Usta  öykülerinde  açlığın sefilliğin , ölümlerin , savaşların acılarını vurgularken , hep güçlü ve  sağlam karakterleri öne çıkarıyor . Çıldırasıya  şeyler yaşamış insanların terk edilmiş  bir adada  komünal bir yaşam kurma , çıkar çatışmalarından ziyade  geçmişte yaşadıkları acıları içlerine gömme çabaları , becerilerini öne çıkarıp , ayakta kalma ve kötüyü  iyiliklerle  yenmelerini  vurguluyor .
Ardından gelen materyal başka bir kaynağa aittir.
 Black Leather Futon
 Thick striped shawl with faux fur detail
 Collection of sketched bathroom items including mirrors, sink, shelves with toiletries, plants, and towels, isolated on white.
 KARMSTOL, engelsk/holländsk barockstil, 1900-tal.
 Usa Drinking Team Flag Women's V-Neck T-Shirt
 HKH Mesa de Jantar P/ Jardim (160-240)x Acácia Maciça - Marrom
Başta da dediğim gibi , iki kitabı bitirdikten sonra  kendimi  bu coğrafyanın içinde bizden topraklarda bizden hikayelerle  evrensel bir destanın içinde bulduğumu söylemeliyim . 
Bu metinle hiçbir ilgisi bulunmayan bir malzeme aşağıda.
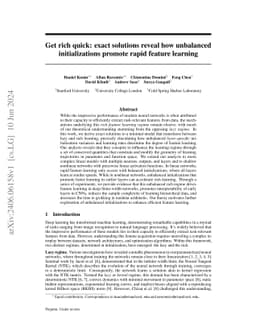 Get rich quick: exact solutions reveal how unbalanced initializations
  promote rapid feature learning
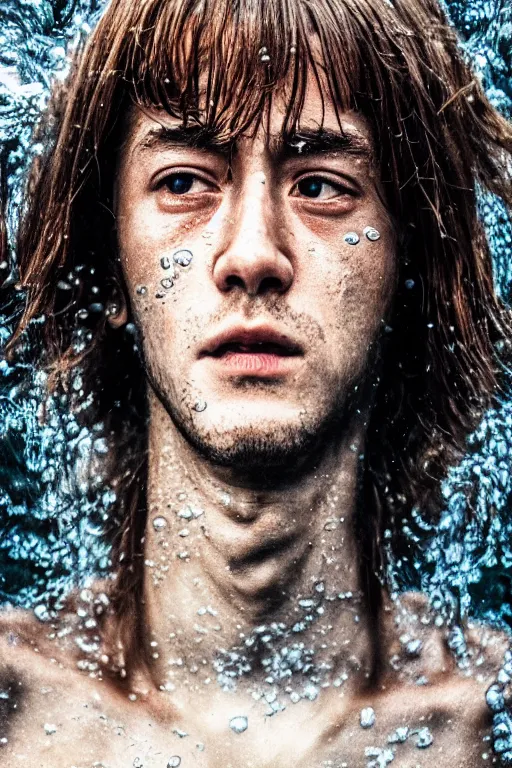 Prompt: Kodak portra 160, 8K, highly detailed, seinen manga portrait, focus on face: famous french actor in low budget movie remake, underwater scene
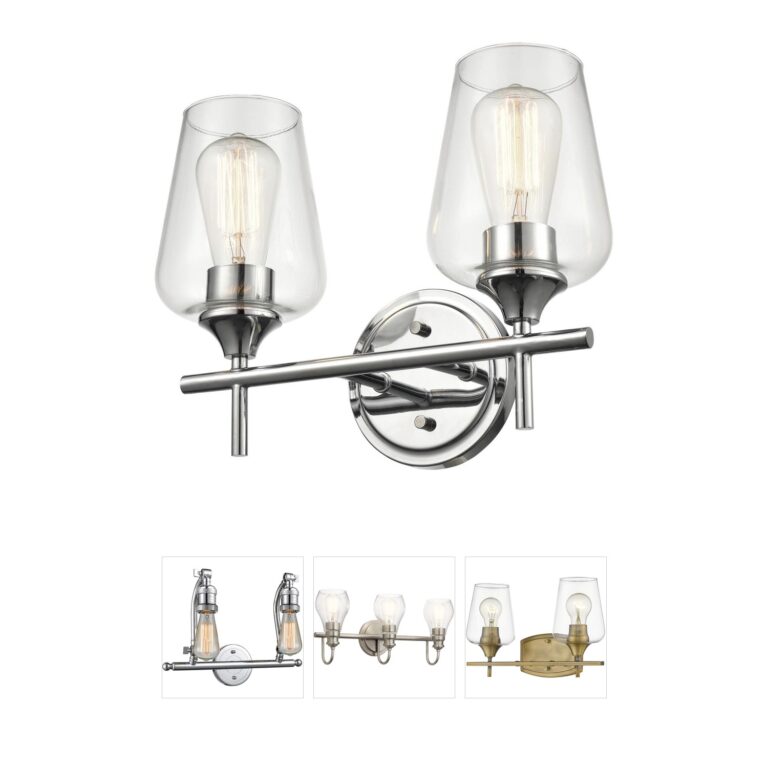 Millennium Lighting Ashford Chrome 2-Light Clear Glass Vanity Light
Ben kitap okurken belleğimde genelde canlandırma da yaparım . Ada’yı Bozcaada gibi hayal ettim ,  kahramanları da  bir film ya da dizide ki  gibi kurguladım . Gerçekten sezonlarca devam eden ve vazgeçilmez dizleri izleyen tutkunları anlar gibiydims sayfaları her tükettiğimde , soluksuz bir hikayeyi ekran da izler gibiydim , sayfalar tükenirken bir taraftan da bitmesin keşke dediğimi söylemeliyim . 
Toplam 826  sayfalık ilk iki kitabı  bitirdim , şimdi sırada  diğer iki kitap var , bakalım Ada ne hale gelecek . Açıkçası çok merak ediyorum .
Sizin de  - eğer okumadıysanız – ilk iki kitabı merak etmenizi isterim , bilmeyenler için bir merak uyandırabildiysem ne mutlu .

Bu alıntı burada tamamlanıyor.